Ao recobrar-se da perda, a legião de admiradores começou a avaliar a enormidade
do buraco deixado por sua falta. Mas também teve início o processo de recolher dados de sua obra para a construção do resgate.
É nesse momento que surge um livro fabuloso organizado por sua irmã Amélia Hamburger e pela crítica Renina Katz, que descrevem
e catalogam a obra de Flávio Império, incluindo um capítulo denso a respeito de seus trabalhos com lápis, aquarela e óleos.
É provavelmente a face menos conhecida do artista. A obra foi lançada em 1999 pela Editora da USP (Edusp), com apoio da Sociedade
Cultural Flávio Império.
Dentre as obras ali catalogadas, consta referência a um “Estudo para
painel em vidrotil. Documento fotográfico. Descrição: Arara. Técnica: Lápis de cor e grafite
sobre papel. Data: 1981. Coleção Arquivo Sociedade Cultural Flávio Império”.

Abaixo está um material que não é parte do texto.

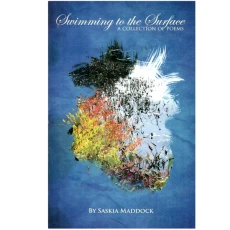 Swimming to the Surface a Collection of Poems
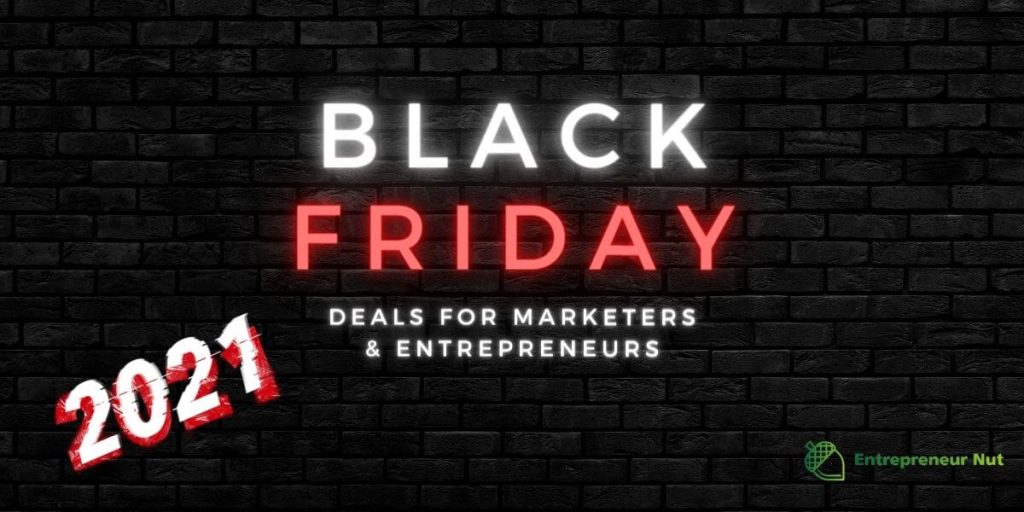 Best Black Friday 2021 Deals For Marketers & Entrepreneurs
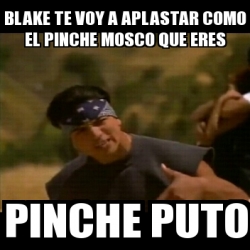 Meme Personalizado Blake Te Voy A Aplastar Como El Pinche Mosco Que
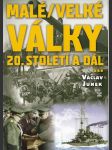 Malé / velké války 20. století a dál - náhled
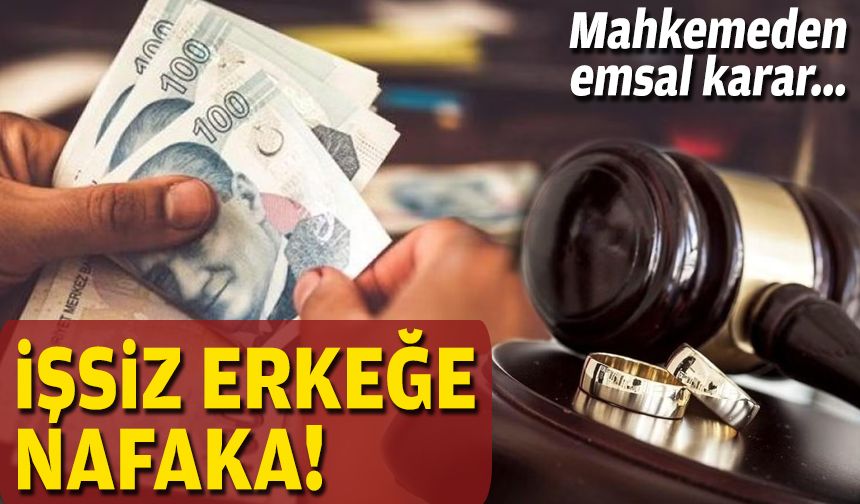 Mahkemeden emsal karar: İşsiz erkeğe nafaka!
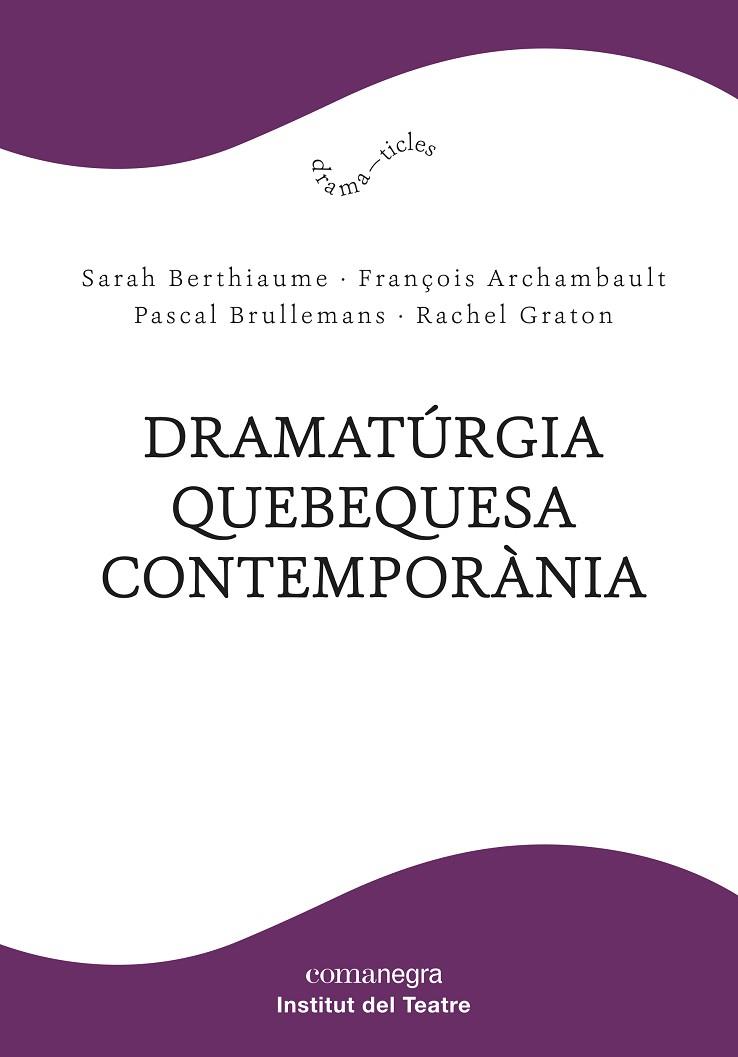 Dramatúrgia Quebequesa contemporània | 9788418022685 | AA:VV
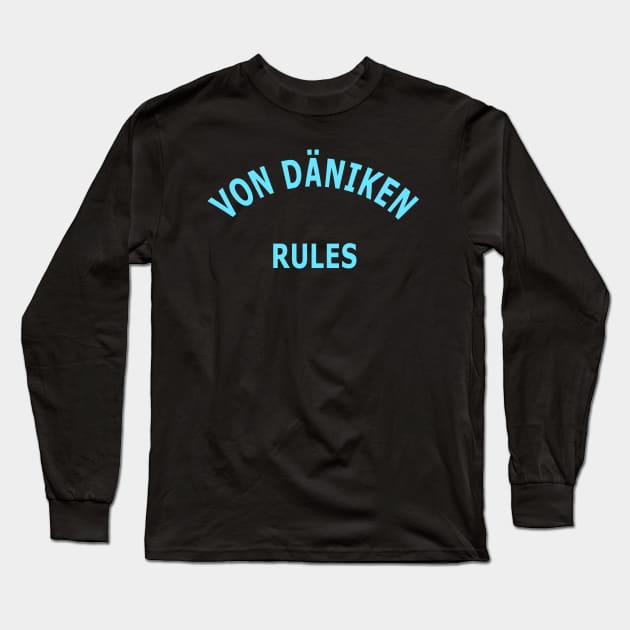 Von Däniken Rules Long Sleeve T-Shirt by Lyvershop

A identificação da obra e a indicação sobre a proposta deram lugar à realização
da peça, em tamanho adequado, com pastilhas da vidrotil, conforme indicava o artista. (Na verdade, Vidrotil é o nome de um
tipo de pastilhas, seguramente as mais empregadas no Brasil, fabricadas por uma empresa fundada em 1947 e que mantém ainda
hoje os mesmos padrões e qualidade da feitura artesanal há 63 anos ininterruptos).
O resgate e a execução desse painel merecem ser comemorados porque é uma ação
exemplar, que poderia ser seguida em muitos outros casos de artistas que deixaram obras indicadas para execução em mosaico,
como é o caso, por exemplo, de Carlos Scliar, que deixou diversos trabalhos notáveis para concretização em pastilhas, de resto
já comentado em outro espaço deste site.
No caso de Flávio Império, o trabalho “Araras” foi projetado em
1981 para a casa do pai do escritor Milton Hatoum, em Manaus. Após o falecimento do artista, a irmã
Amélia providenciou um segundo trabalho baseado no desenho original, que passou a
ornar uma área do Jardim Eurico Padro Lopes, na passagem de acesso da estação Vergueiro do Metrô ao Centro Cultural São Paulo.
Para quem está em São Paulo, vale a pena conhecer a obra de Flávio
Império que exibe tons multicoloridos que se destacam no chamado Piso Verde, conferido ao percurso. É uma homenagem ao artista,
que merecia isso, como merece muito mais tendo em vista a enormidade de projetos artísticos que deixou, quase todos já catalogados
na obra da EDUSP, de Amélia Hamburger e Renina Katz. Afinal, é sempre bom lembrar que, no momento em que subscrevo esse texto,
corre o ano de 2010, ou seja, 25 anos da perda do grande cenógrafo, arquiteto e artista plástico Flávio Império.